AIM OF THE TASK » Would you print the records as they stand, down to the last character?

INFORMATION SHOWN »
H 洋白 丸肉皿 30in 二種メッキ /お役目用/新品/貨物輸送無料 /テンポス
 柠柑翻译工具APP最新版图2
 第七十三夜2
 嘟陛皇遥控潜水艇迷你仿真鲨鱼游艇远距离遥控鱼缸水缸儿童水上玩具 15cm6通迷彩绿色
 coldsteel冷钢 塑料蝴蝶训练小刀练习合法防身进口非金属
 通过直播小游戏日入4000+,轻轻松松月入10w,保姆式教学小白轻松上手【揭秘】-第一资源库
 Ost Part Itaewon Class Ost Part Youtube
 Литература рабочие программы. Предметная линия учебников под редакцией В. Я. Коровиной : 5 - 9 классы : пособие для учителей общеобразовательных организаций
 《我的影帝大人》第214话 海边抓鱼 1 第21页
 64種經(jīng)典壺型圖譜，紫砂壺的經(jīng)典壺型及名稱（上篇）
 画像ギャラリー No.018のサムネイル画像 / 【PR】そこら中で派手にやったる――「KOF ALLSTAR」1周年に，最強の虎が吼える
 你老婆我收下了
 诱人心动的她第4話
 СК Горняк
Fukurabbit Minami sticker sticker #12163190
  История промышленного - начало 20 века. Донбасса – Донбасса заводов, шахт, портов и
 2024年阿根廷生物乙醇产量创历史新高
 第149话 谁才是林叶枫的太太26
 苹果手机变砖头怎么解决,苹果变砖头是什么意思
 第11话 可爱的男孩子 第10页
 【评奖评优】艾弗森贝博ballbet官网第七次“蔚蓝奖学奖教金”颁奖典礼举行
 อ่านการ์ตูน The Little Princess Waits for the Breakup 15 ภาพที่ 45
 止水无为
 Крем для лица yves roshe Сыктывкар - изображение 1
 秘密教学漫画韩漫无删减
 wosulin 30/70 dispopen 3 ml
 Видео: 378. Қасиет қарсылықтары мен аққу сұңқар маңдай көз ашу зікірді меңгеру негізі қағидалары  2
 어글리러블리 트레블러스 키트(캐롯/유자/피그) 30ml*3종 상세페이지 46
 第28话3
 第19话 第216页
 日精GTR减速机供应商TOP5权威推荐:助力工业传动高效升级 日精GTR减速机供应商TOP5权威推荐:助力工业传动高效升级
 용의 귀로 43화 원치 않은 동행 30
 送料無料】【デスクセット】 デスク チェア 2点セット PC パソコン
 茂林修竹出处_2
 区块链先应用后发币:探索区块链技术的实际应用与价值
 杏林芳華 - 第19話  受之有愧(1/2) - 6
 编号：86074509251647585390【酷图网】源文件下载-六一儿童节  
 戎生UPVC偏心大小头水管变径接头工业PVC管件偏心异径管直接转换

OUTPUT FOR THIS TASK »
H 洋白 丸肉皿 30in 二種メッキ /お役目用/新品/貨物輸送無料 /テンポス
 柠柑翻译工具APP最新版图2
 第七十三夜2
 嘟陛皇遥控潜水艇迷你仿真鲨鱼游艇远距离遥控鱼缸水缸儿童水上玩具 15cm6通迷彩绿色
 coldsteel冷钢 塑料蝴蝶训练小刀练习合法防身进口非金属
 通过直播小游戏日入4000+,轻轻松松月入10w,保姆式教学小白轻松上手【揭秘】-第一资源库
 Ost Part Itaewon Class Ost Part Youtube
 Литература рабочие программы. Предметная линия учебников под редакцией В. Я. Коровиной : 5 - 9 классы : пособие для учителей общеобразовательных организаций
 《我的影帝大人》第214话 海边抓鱼 1 第21页
 64種經(jīng)典壺型圖譜，紫砂壺的經(jīng)典壺型及名稱（上篇）
 画像ギャラリー No.018のサムネイル画像 / 【PR】そこら中で派手にやったる――「KOF ALLSTAR」1周年に，最強の虎が吼える
 你老婆我收下了
 诱人心动的她第4話
 СК Горняк
Fukurabbit Minami sticker sticker #12163190
  История промышленного - начало 20 века. Донбасса – Донбасса заводов, шахт, портов и
 2024年阿根廷生物乙醇产量创历史新高
 第149话 谁才是林叶枫的太太26
 苹果手机变砖头怎么解决,苹果变砖头是什么意思
 第11话 可爱的男孩子 第10页
 【评奖评优】艾弗森贝博ballbet官网第七次“蔚蓝奖学奖教金”颁奖典礼举行
 อ่านการ์ตูน The Little Princess Waits for the Breakup 15 ภาพที่ 45
 止水无为
 Крем для лица yves roshe Сыктывкар - изображение 1
 秘密教学漫画韩漫无删减
 wosulin 30/70 dispopen 3 ml
 Видео: 378. Қасиет қарсылықтары мен аққу сұңқар маңдай көз ашу зікірді меңгеру негізі қағидалары  2
 어글리러블리 트레블러스 키트(캐롯/유자/피그) 30ml*3종 상세페이지 46
 第28话3
 第19话 第216页
 日精GTR减速机供应商TOP5权威推荐:助力工业传动高效升级 日精GTR减速机供应商TOP5权威推荐:助力工业传动高效升级
 용의 귀로 43화 원치 않은 동행 30
 送料無料】【デスクセット】 デスク チェア 2点セット PC パソコン
 茂林修竹出处_2
 区块链先应用后发币:探索区块链技术的实际应用与价值
 杏林芳華 - 第19話  受之有愧(1/2) - 6
 编号：86074509251647585390【酷图网】源文件下载-六一儿童节  
 戎生UPVC偏心大小头水管变径接头工业PVC管件偏心异径管直接转换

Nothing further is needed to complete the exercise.